About 45% of mergers in 2007 also included a private placement completed concurrently with the transaction, raising a total of $866.42 million, or an average of $9 million each. The fourth quarter raised the least of any similar period during the year, with just $190 million in proceeds. More than one-third of fourth-quarter deals included a PIPE.

Pinnacle China Fund was among 31 investors in a $20.52 million private placement that closed concurrently with a reverse merger between shell Discovery Technologies and Green Agriculture Holding Corp., the soon-to-be holding company for a Chinese fertilizer maker. The placement was the largest concurrent with a merger in December, as well as the second largest in the fourth quarter. In August, Green Agriculture acquired the right to purchase Shannaxi TechTeam Jinong Humic Acid Product Co. and Techteam for $4 million. The company expects the purchase to be completed shortly.

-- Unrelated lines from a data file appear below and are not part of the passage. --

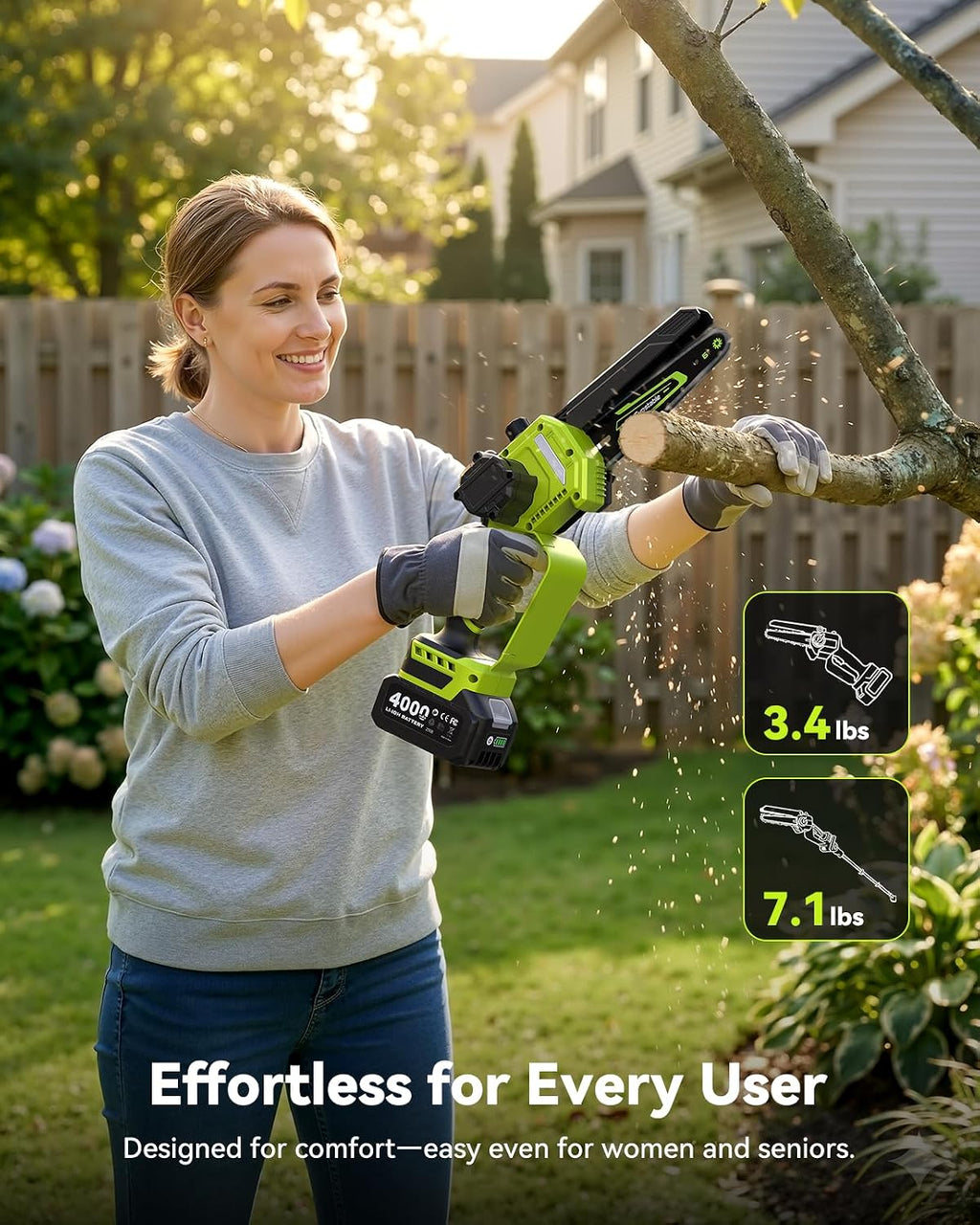 Electric Pole Saw, 6-Inch Cordless Mini Chainsaw with Extension Pole, Extendable to 16 ft, 2x4.0Ah Batteries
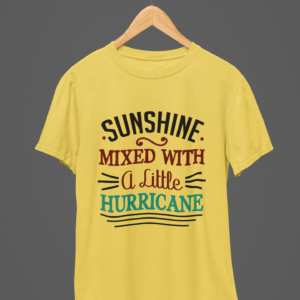 Sunshine Mixed With A Little Hurricane Round Neck Daily Wear T-shirt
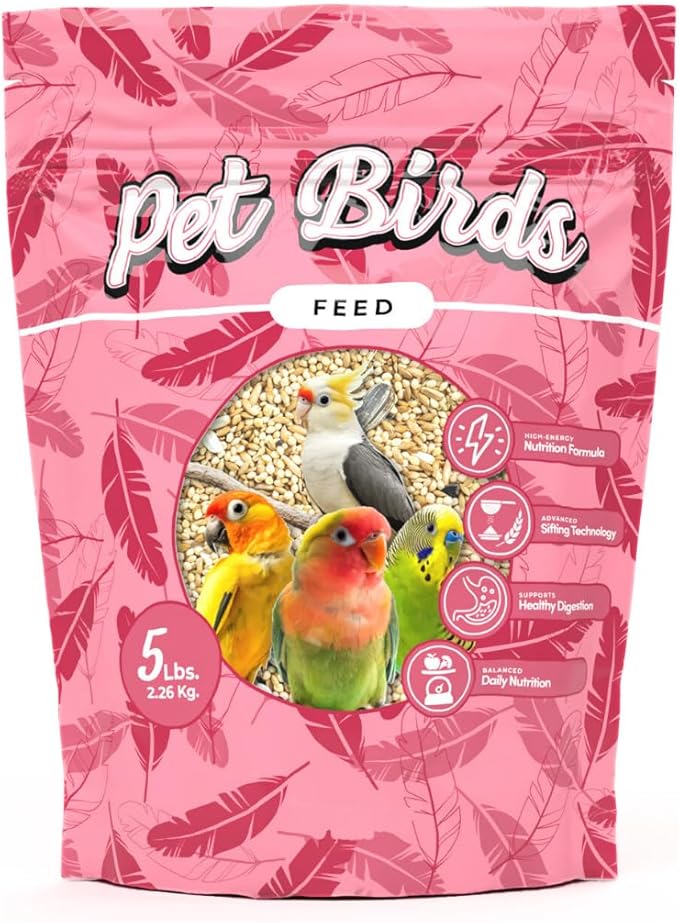 Mycelium Pet Bird Feed (5 LB Bag) | Organic Bird Food for Cockatiels, Lovebirds, Parakeets & Parrotlets | Supports Healthy Digestion & Energy | Non-GMO, Dust-Free Seed Blend | USA Made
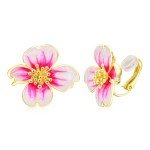 Pink Cherry Blossom Clip-On Earrings for Women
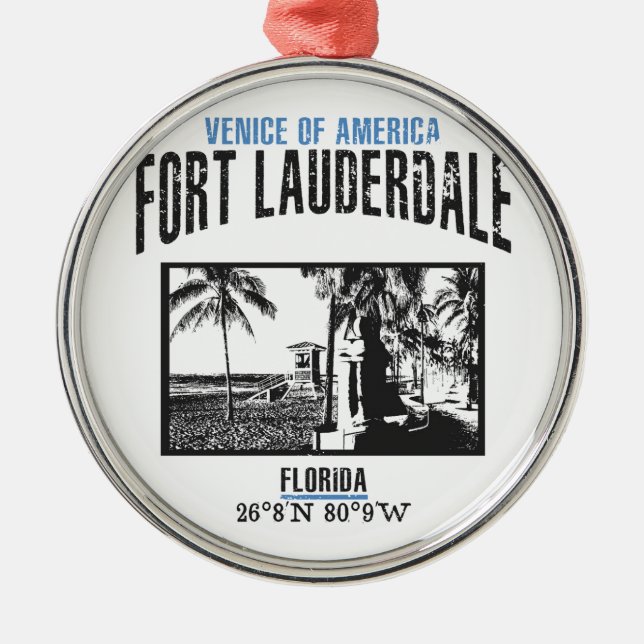 Fort Lauderdale Silbernes Ornament (Vorne)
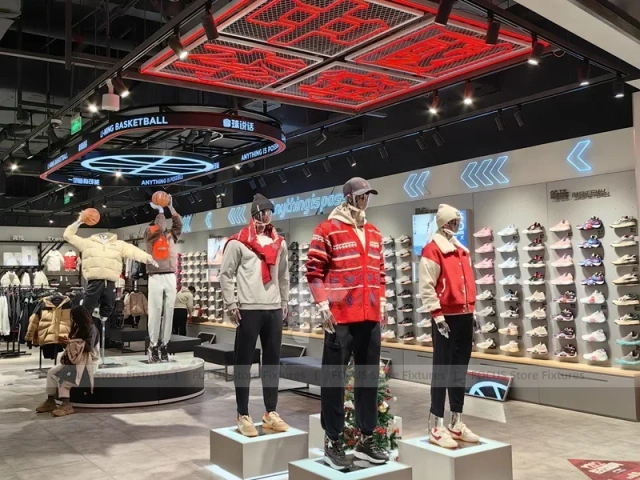 Red Basketball Sportswear Mannequin and Shoe Wall Display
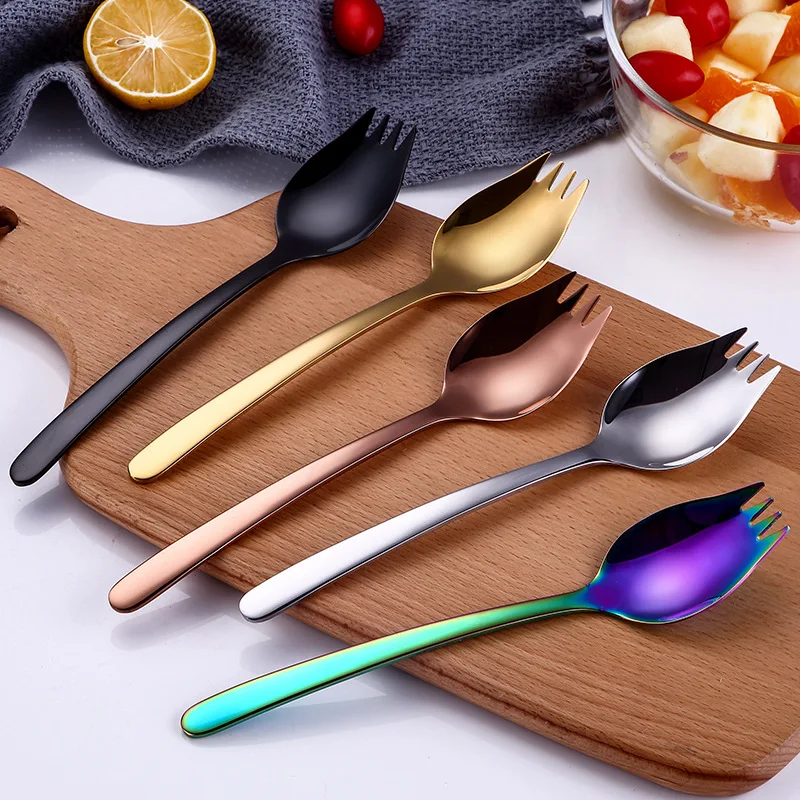 5Pcs/Set Creative Fork Spoon Dinnerware Set Stainless Steel Cutlery Set ...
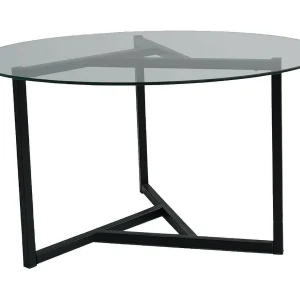 Salontafel Esperia, tijdschriftenhouder, 75x75x42h cm zwart, ronde vorm, glazen blad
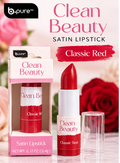 b.pure Clean Beauty Satin Lipstick Classic Red Vegan 0.12 oz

Another noteworthy placement during the last quarter was let by Vision Opportunity Master Fund, a New York private equity firm increasingly active in the reverse merger space. Vision and other investors injected $13 million in needle-stick prevention company MedPro Safety Products. Private placement investors acquired a total of 6.66 million units for a purchase price of $1.95 each. The company's stock closed at $4.95 on Jan. 3.

It is likely that an increase in placement activity surrounding mergers will get a boost going forward, now that rules governing the holding periods and resale in such deals has been clarified by the commission.

"This is a big change from the Worm/Wulff letters, which said shell owners never can sell under Rule 144 and must be registered to sell, " said David Feldman, a founding partner with Feldman Weinstein & Smith. "But they now say that anyone buying stock after the merger also can't sell under 144 until one year after merger and Form 10 filing."

In a merger where a PIPE closes simultaneously, Feldman says that PIPE investors will have to hold shares a year or get them registered. "In the end, though, this is still a huge improvement. Before this change, after the first year shareholders could only sell 1% of the company every 90 days until the second anniversary. Now investors will be able to sell with no volume restrictions after a year." Feldman also says the commission has been much more flexible in allowing a higher number of shares to be registered following a reverse merger.


Circ. 106 All Bark, No Bite

Circular 106, issued by China's State Administration of Foreign Exchange and effective this summer, created some panic among reverse merger practitioners. Many speculated the rules, which require companies setting up offshore entities for domestic investment to get approval from Chinese regulators, could reduce merger activity to a trickle if not bring it to a complete halt. Such fears have not been realized, however. Deal data for the year, especially the fourth quarter, illustrates that mergers are getting through in record numbers.

During 2007, more than one-third of all reverse mergers involved a Chinese venture and a U.S. shell company. A total of 69 Chinese companies reverse merged with U.S. shells during the year, a 30% increase from 53 deals in 2006 and a 115% jump from 2005. Activity more than doubled during the fourth quarter alone to 28 mergers up from 12 the prior quarter. The year's Chinese mergers were valued at $1.47 billion, with $555 million of value created just by fourth-quarter transactions.

A merger between shell company Jade Mountain Corp. and waste treatment company, Dalian Innomind Environment Engineering, was the largest Chinese deal of the last quarter. At the end of October, it was valued at $144 million. Investors in Jade have seen their stock rise dramatically. Closing at $2.40 the day after the merger, Jade shares have risen 338% to $10.50 in early January. The merger also included a $24.5 million private placement, making it the largest PIPE concurrent with a merger in the last quarter.

A merger creating Protalix, an Israeli biotechnology company, was by far the heftiest deal in all of 2007. Valued at $1.05 billion after its close in January 2007, Protalix was more than twice as large as the next biggest deal, Manas Petroleum Corp., which was valued at $417 million.